Wednesday, March 25, 2009

A new prescription

Had an interesting chat with my doctor today. He asked me what I do for fun, nowadays; the answer is "nothing." And that's been the answer for a very long time, even before The Diesease. Frankly, for way too long I haven't really been able even to think of anything that would simply be fun, much less something that I do for fun. He also said that I had mentioned the same Bad Habit from my Wild Days back in college several times, did I need for some reason to revisit that dissipated state?

And then it dawned on me... what I've been missing, and missing for a long time, isn't the state of dissipation, but the fellowship with the friends I'd get dissipated with. What I miss...are friends. Not friendly acquaintences, not cronies, not amicable colleagues: real, true friends.
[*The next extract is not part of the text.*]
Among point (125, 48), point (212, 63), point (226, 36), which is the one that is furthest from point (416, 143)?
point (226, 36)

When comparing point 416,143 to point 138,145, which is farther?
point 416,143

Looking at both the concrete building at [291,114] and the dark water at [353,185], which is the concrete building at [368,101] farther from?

It's not that "people don't like me" or "I don't like people." The friends of my college days were dear friends, wonderful friends, really smart, clever, imaginative friends... and there was something, for lack of a better word, lofty, about the affection we had, and still have, for one another, even a quarter-century after we all went our separate ways. ("But time and change shall not avail/to break the friendships formed at Yale," the alma mater says, and it's quite true.) And it's not the dissipation I miss, not at all: it's the joy of getting together with friends, specifically for the purpose of gently self-indulgent fun, and having that fun, that I miss. The joyful gusto of sybaritic enthusiasm. Fellowship. Heart-to-heart talks. And laughter--loud, long, and frequent laughter.

I have been known to say (all too often, I realize as I look back at it) that all of my friends are busy with their children, located on the East coast, or both. Or dead. That's both "only 'sort of' true" and "much truer than I like to think about."

So the prescription for my new treatment is... to reconnect with friends. And, with said friends, have fun.

Beats the hell out of injecting yourself with interferons that shred your immune system, or something like Tysabri that'll maybe turn your brain to jelly and kill you. And a lot cheaper, too.